President Donald Trump on Friday dismissed a finding from a top U.S. intelligence official that found Russia will “primarily denigrate” Democratic presidential candidate Joe Biden in the 2020 election.
“I think the last person Russia wants to see in office is Donald Trump because nobody’s been tougher on Russia than I have — ever,” Trump said during a news conference at his golf club in Bedminster, New Jersey on Friday when asked about the intelligence.
Earlier on Friday, the director of the National Counterintelligence and Security Center, William Evanina released a report identifying Russia, China and Iran as top foreign threats to the upcoming presidential race.
Evanina’s report fell short of explicitly stating that Moscow wants Trump re-elected for a second term, but noted that the Kremlin “is using a range of measures to primarily denigrate” Biden and what it called “an anti-Russia ‘establishment.’”
The report listed Ukrainian MP Andriy Derkach as an example of the sort of “measures” being taken to “denigrate” Trump’s Democratic opponent.

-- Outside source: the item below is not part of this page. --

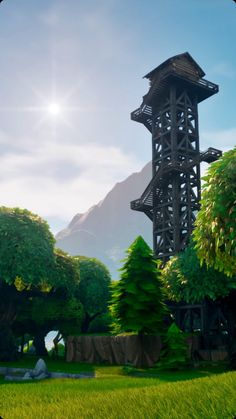 a tall tower sitting in the middle of a lush green forest next to a mountain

In December of last year, Derkach met with Trump attorney Rudy Giuliani in Kyiv and handed him a packet of information about the Bidens. Since then Ukranian parlementarian has spent much of this year releasing what appear to be edited recordings of phone calls between Biden and Ukraine’s then-President Petro Poroshenko in 2016.
But Trump has shown little will to recognize these findings, rebuffing a reporter when challenged further about the issue on Friday.
“Well, I don’t care what anybody says,” Trump said.
Without actually addressing election interference the President instead diverted attention to efforts he’s made to beef up the military and saying that he has pressured allies to increase financial support to NATO as examples of how he’s been “tougher” than his predecessors.
But members of Congress have long accused the President of cozying up to the Russian leader.
House Speaker Nancy Pelosi (D-CA), among others, chastised the President in June following reports that Trump had allegedly been briefed on an intelligence finding that Russian operatives had offered bounties to Taliban-linked militias in Afghanistan to kill U.S. and coalition troops.
“With him, all roads lead to Putin,” Pelosi said in June referring to Trump’s relationship with the Russian leader, adding, “I don’t know what the Russians have on the president, politically, personally, or financially.”
In an Axios interview that aired on Monday, Trump said that he has “never” discussed the Russian bounty plot in conversations with Russian President Vladimir Putin. He has previously denied allegations that the report was shared with him, even calling the intelligence in tweets “possibly another fabricated Russia Hoax.”
In spite of his apparent unwillingness to confront Russia on key national security issues, Trump maintained in Friday’s news conference that “nobody with any common sense” would be inclined to draw conclusions that Russia would have any vested interest in damaging Biden to boost Trump’s own re-election.